Chris, I know it isn't fun to not know what you're supposed to be doing; my job is a good one, but I'm not sure what I'm doing is right for me, at least not for the rest of my life.

I envy you for the direction you did have through your life; other than the kindergarten goal of becoming a Roughrider, every other one listed teaching others about science as part of the goal. This telephone survey thing is just a stepping stone, but I'm sure that sooner or later you're going to end up in a position where you can teach others about science (and life). I know I've learned a lot from you in the time we've known one another.

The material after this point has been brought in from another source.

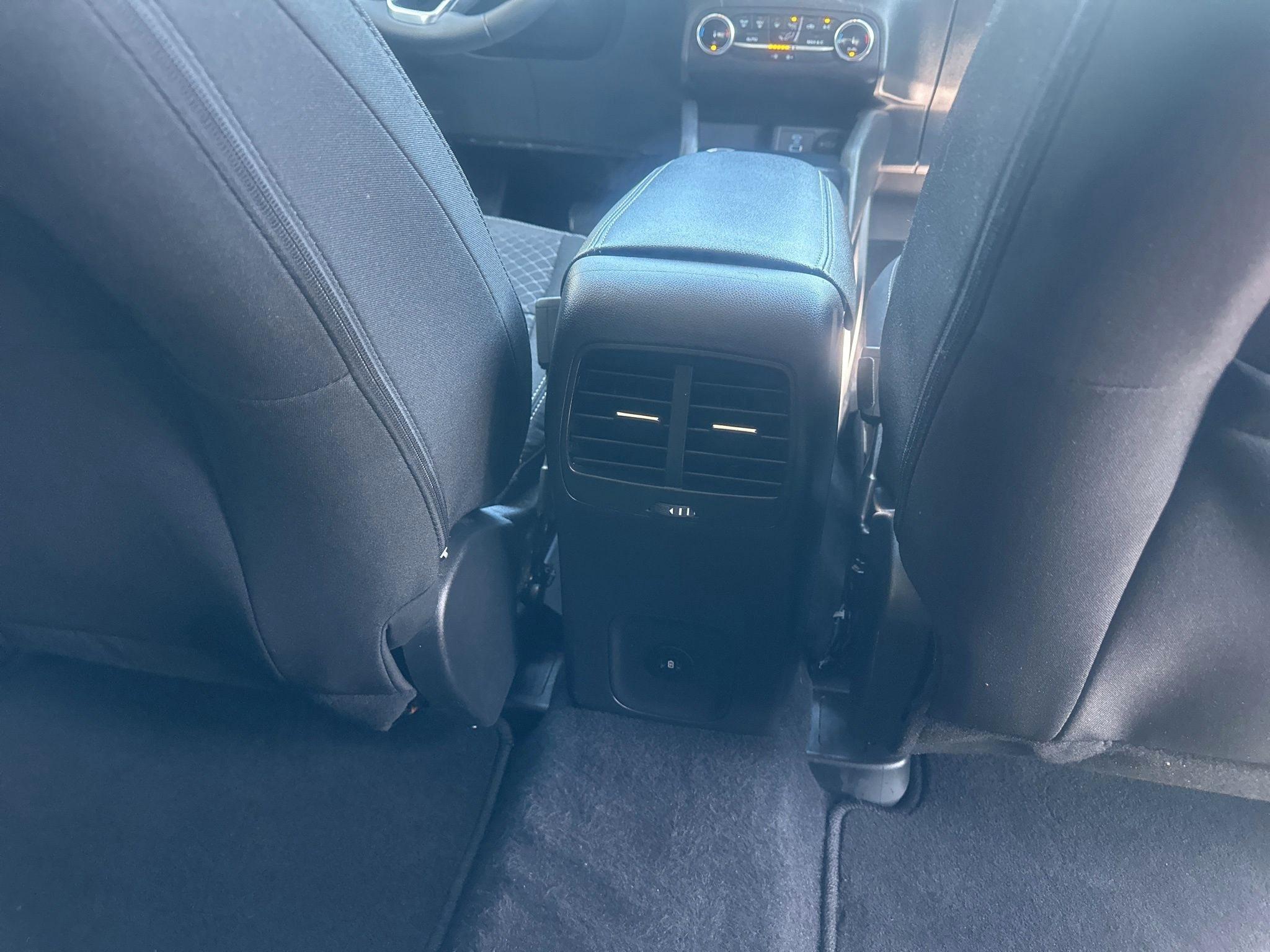 Ford Escape  2023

For example: [reading Chris' old blog] Hmmm...note to self: when your chemical explosion doesn't go off like it's supposed to, do not go put your hand on it. :P

What is success? I would think that success, to me, would be when I find myself doing something I love, and allows me to provide for myself and those I love. This is a much less introspective take on it, likely because I've spent a lot less time thinking about the subject, but that'd be my off-the-cuff answer.

Okay, that's enough rambling on my part. Whose blog is this anyway?
:P

Good luck!

Chris said...

Matt is wise. Like Yoda

Life of Turner said...

Think of it this way, Chris: you could be unmarried and still in school. At least you're getting some...money to put food on the table.

Derek out.

P.S. "Chris out" just doesn't fly. I'm telling you as a friend.

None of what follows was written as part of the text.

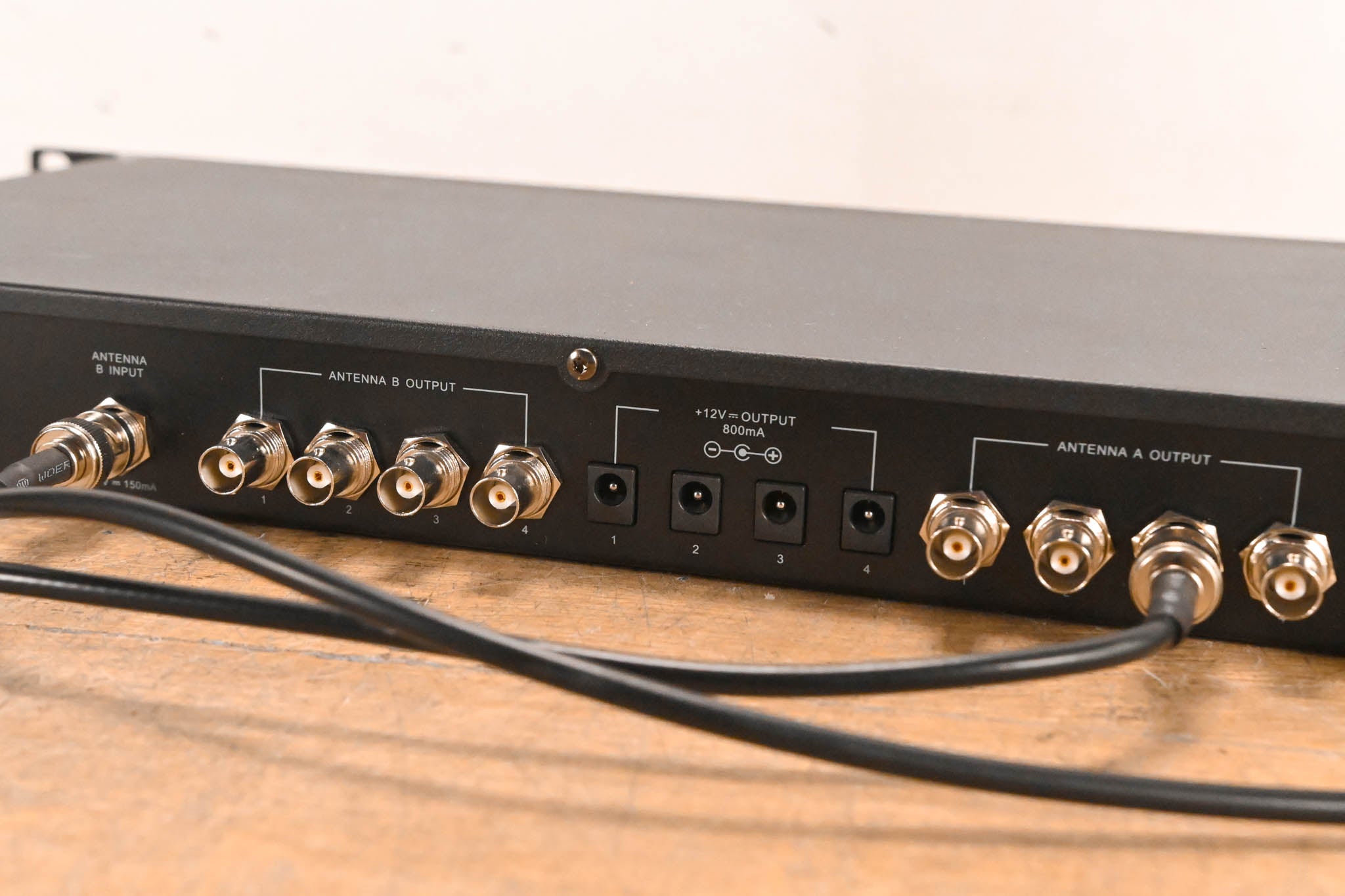 Audix ADS48 UHF Antenna Distribution System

P.P.S. Maryanne, we all know the only person who wants to be me is Karl. Even though he will never admit it.

Chris said...

Yeah Chris out was a one time thing. I'll work on something else for the future.

Anonymous said...

You are very wise Chris. I am sort of in the same situation as you (a teacher without a placement) but I feel like I'm floundering. It is furstrating to know what you want but not knowing what more you can do to get there.

Anonymous said...

Hey Reed,
I don't know if you'll reed this(get it "Reed"), but don't get down, you are already successful. You were one of the best teachers I ever had. You made Chem class fun and interesting, you know what conversations I'm talking about. The only thing that wasn't totally fun was that little ball throwing incident, but hey it was all in the name of education. Kidding aside, I did learn quite a bit and that's because of you. I think that we are already successful in the here and now, by the little things we do that we think nobody notices,and we are lookin for ways to be more successful because we aren't sure if we really are successful.(Pretty Deep, EH?)
I'm sure all will work out for you and hey I never did congratulate you...Congratulations!

P.S. I should get your e-mail address cuz there's somthing I wanna send you I think you'll find funny.